# TASK STATEMENT
Give again exactly the lines that run from the start of the records to the line holding "Lighting Masterclass: A", both ends counted. Do not include the pictures.

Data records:
· · · · · · ·

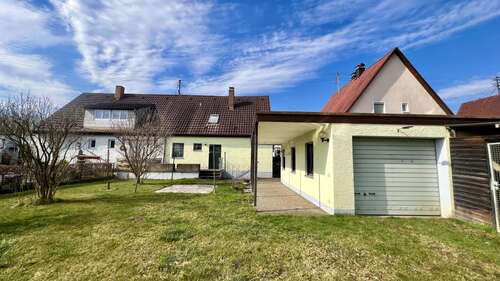 Foto - Haus zum Kaufen in Dinkelscherben 295.000,00 € 103.77 m²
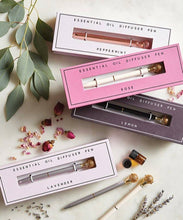 Load image into Gallery viewer, Aromatherapy Essential Oil Diffuser Pen
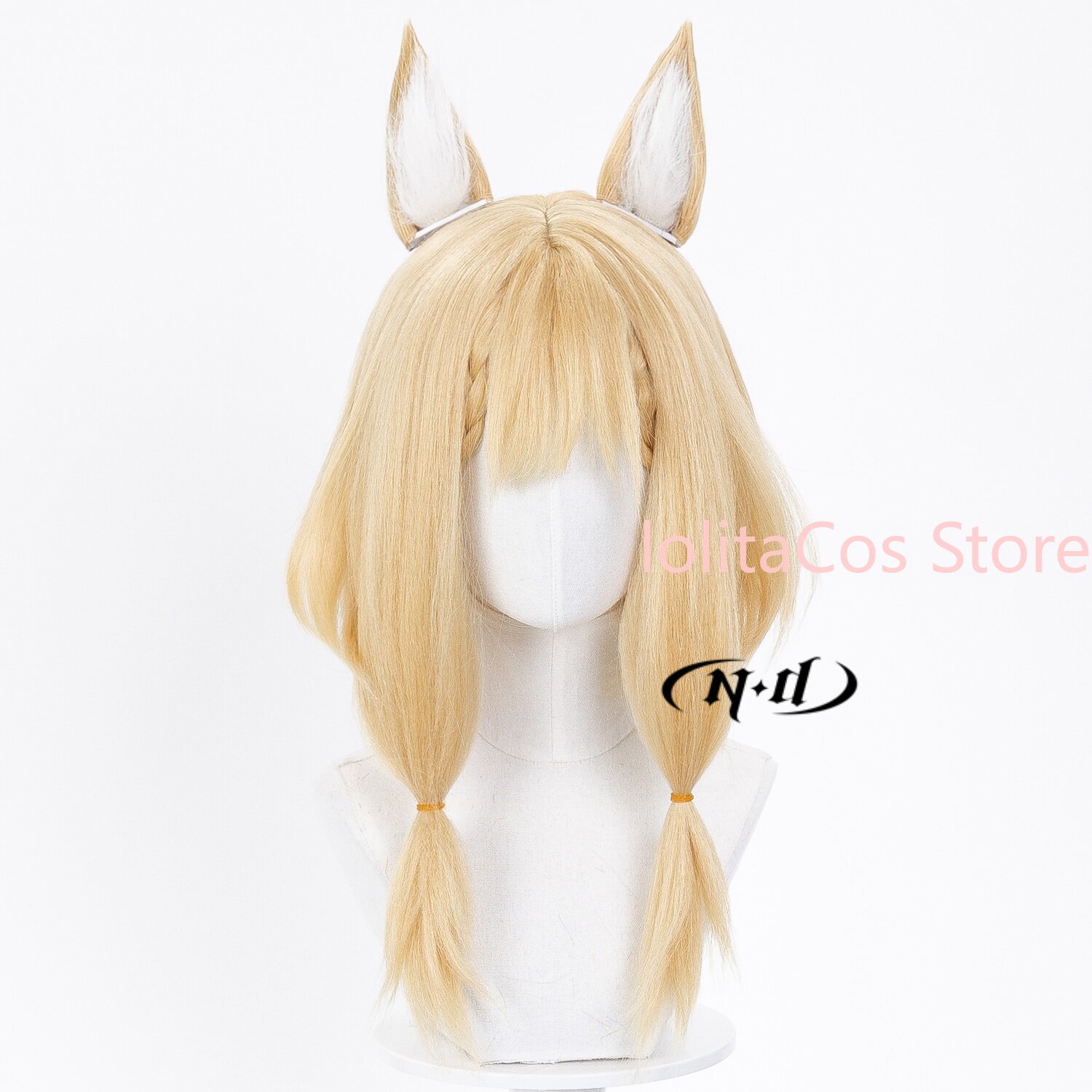 Neue Arknights: Endfield Rossi – Synthetic Wigs Bewertung und Preis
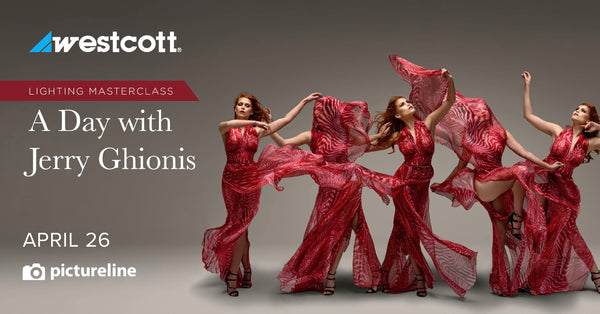 Lighting Masterclass: A Day with Jerry Ghionis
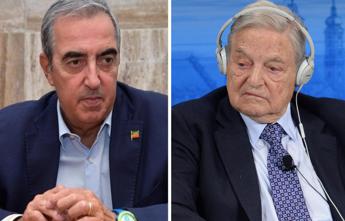 Caso ‘Agenda’, interrogazione Gasparri a Piantedosi: “Approfondire legami sinistra Soros”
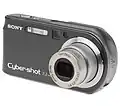 Cyber-shot DSC-P200, eine Miniaturkamera aus der Modellserie P (2005–2006)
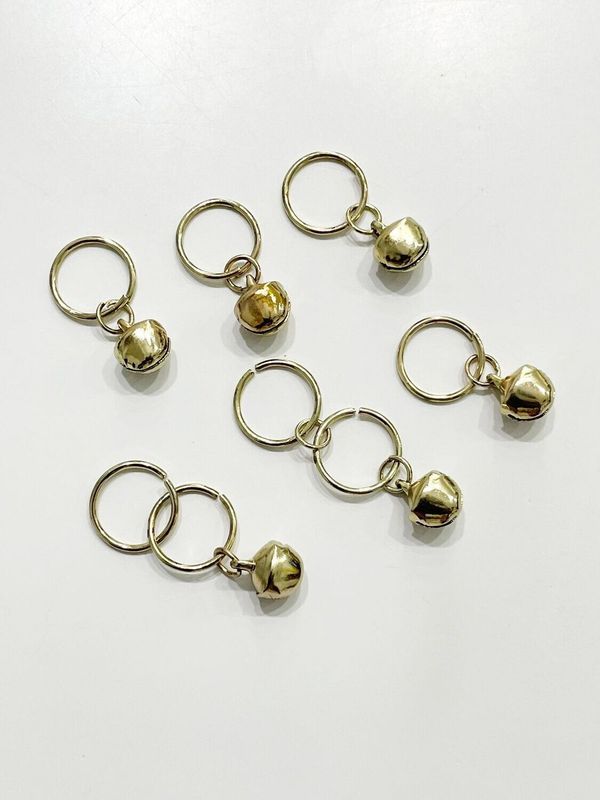 Essentials - Hair Rings - S7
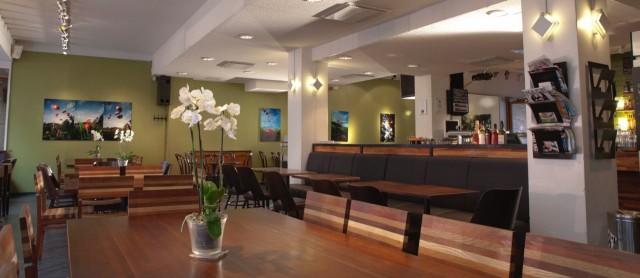 Kertussa on tunnelmaa.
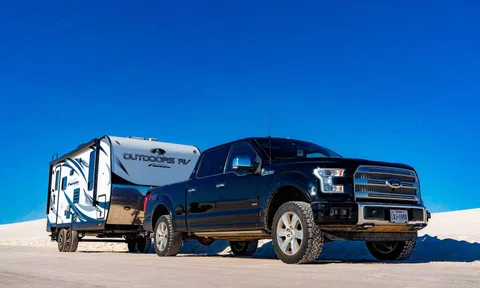 Ford lại triệu hồi 4,3 triệu xe tại Mỹ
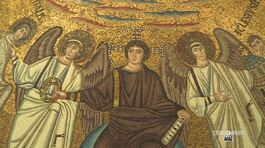Gli splendidi mosaici della Basilica di san Vitale, a Ravenna thumbnail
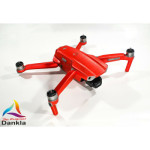 DJI MAVIC AIR 2 + RC - SKIN - 28 FARBEN/COLOURS - 3-5 Batterien - Folie / Decal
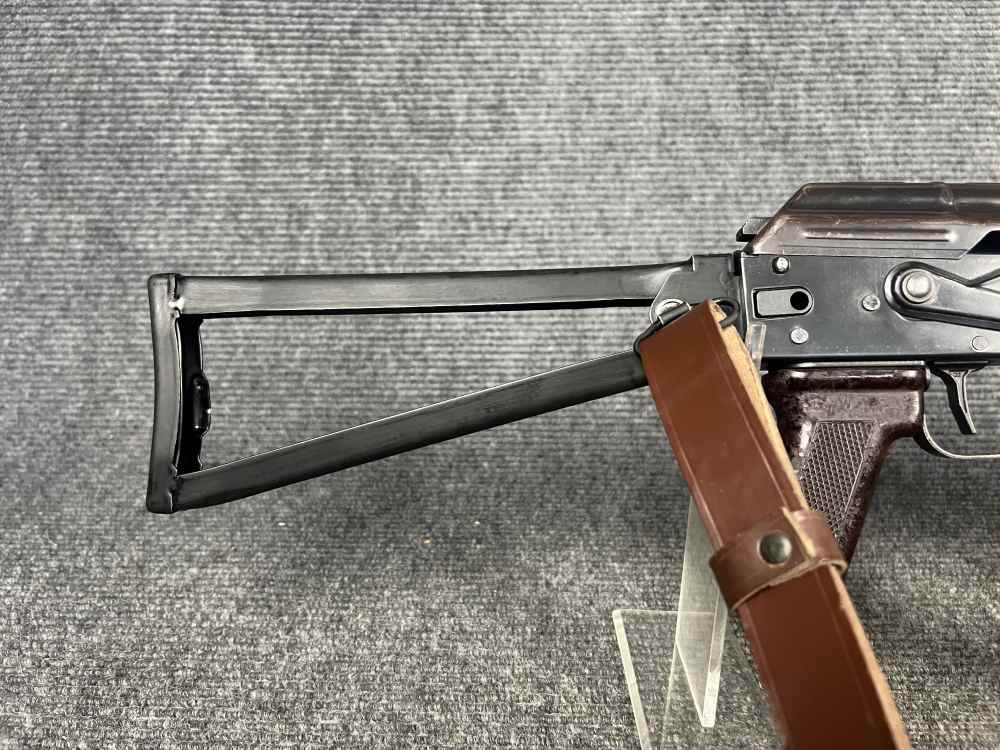 1987 Romanian Khyberpass AK-47 Sidefolder 6 Parts matching -img-2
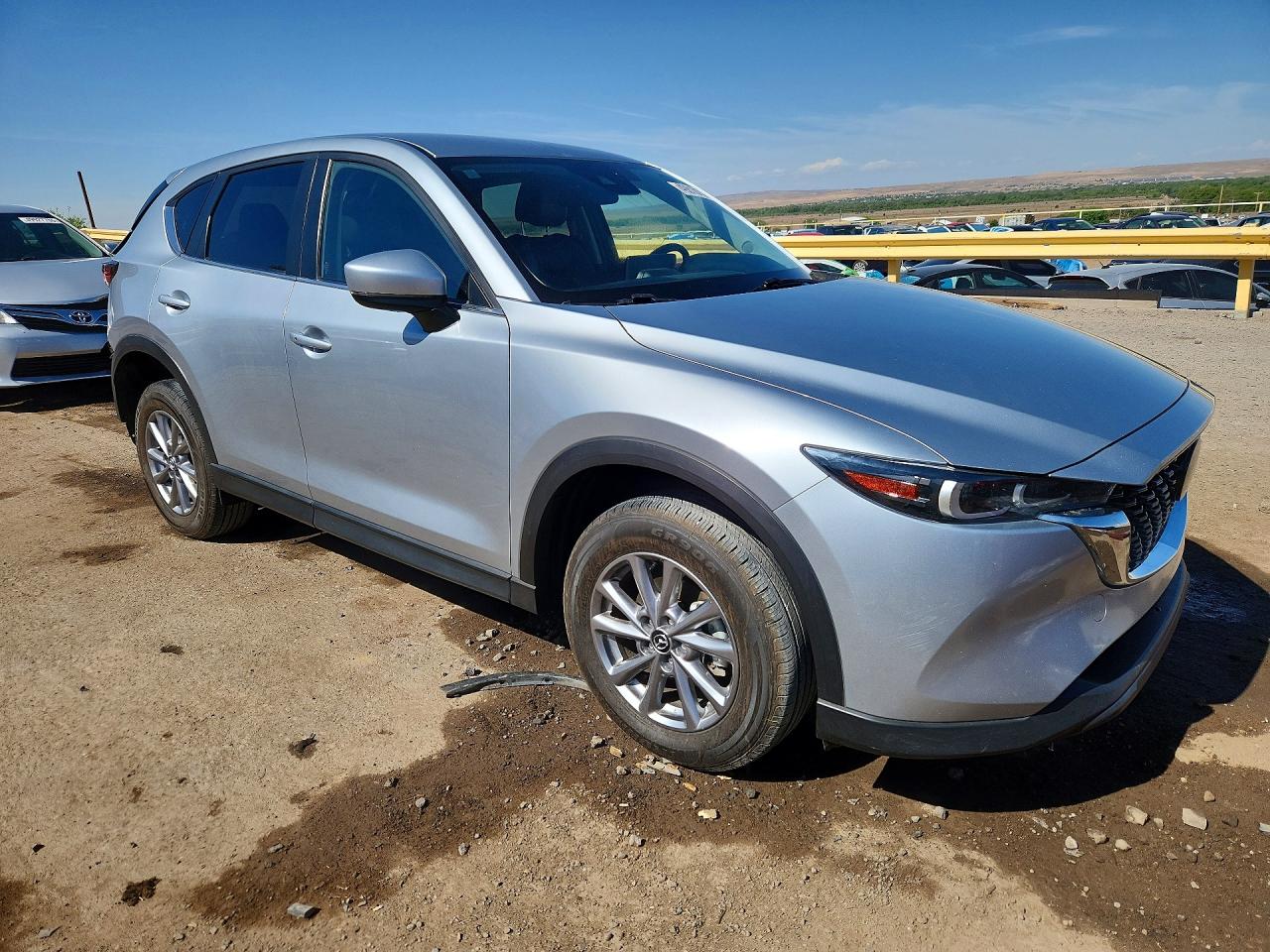 2023 MAZDA CX-5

· · · · · · ·

# TASK RESPONSE
 Foto - Haus zum Kaufen in Dinkelscherben 295.000,00 € 103.77 m²
 Load image into Gallery viewer, Aromatherapy Essential Oil Diffuser Pen
 Neue Arknights: Endfield Rossi – Synthetic Wigs Bewertung und Preis
 Lighting Masterclass: A Day with Jerry Ghionis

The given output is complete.